Note: all numbers reported are consolidated numbers unless otherwise mentioned 
1.    Including other operating income
2.    ₹, not annualised
3.    Silver occurs in Lead & Zinc ore and is recovered in the smelting and silver-refining processes
4.    Includes 16 MT, 21 MT and 37 MT of Silver equivalent in 4QFY26, 3QFY26, and FY26, respectively
5.    Includes 6 Kt, 5 Kt and 11 Kt of refined Lead equivalent in 4QFY26, 3QFY26, and FY26, respectively
6.    Cost of production (CoP) wherever referred is excluding royalty

Financial Performance

Revenue:

  • Revenue stood at ₹ 13,544 crore during the quarter, up 49% YoY and 23% QoQ, driven by higher zinc and silver prices, increased production, lead concentrate sale, higher by-product realisation, and a stronger dollar. 
  • It was ₹ 40,844 crore on a full year basis, up 20% YoY, in line with higher zinc and silver prices, lead concentrate sale, higher by-product realisation, and a stronger dollar.

EBITDA:

EBITDA stood at ₹ 7,747 crore during the quarter, up 61% YoY and 27% QoQ, driven by increased production, higher zinc and silver prices, lower cost of production, lead concentrate sale, and a stronger dollar.

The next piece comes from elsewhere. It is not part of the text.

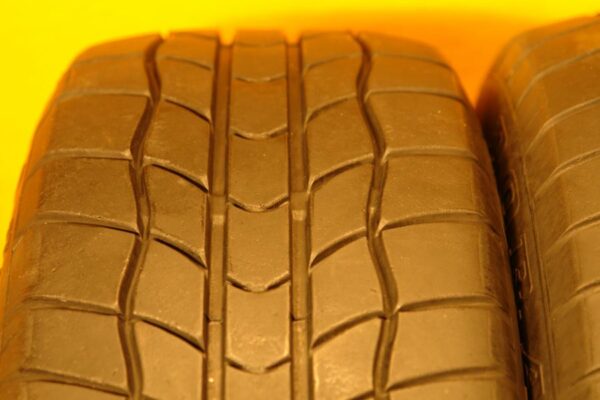 2 used tires 185/60/14 DORAL - Image 4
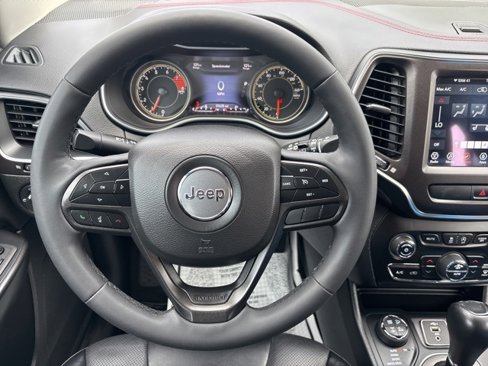 Used 2022 Jeep Cherokee Trailhawk w/ Premium Leather Package image 11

For the full year, the Company recorded an EBITDA of ₹ 22,162 crore, up 27% YoY, driven by higher zinc and silver prices, lower cost of production, lead concentrate sale, and a stronger dollar, partly offset by lower production.

The Company continues to maintain an attractive industry leading EBITDA margin of 57% during the quarter, up c.420 bps YoY and c.180 bps QoQ. It recorded an EBITDA margin of 54% in FY26, up c.300 bps YoY.

Net Profit:

  • During the quarter, net profit stood at ₹ 5,033 crore, up 68% YoY and 29% QoQ in line with record EBITDA. For the full year, it was ₹ 13,832 crore, up 34% YoY. The effective tax rate for the quarter was 25.45% and it was 25.26% for the full year. 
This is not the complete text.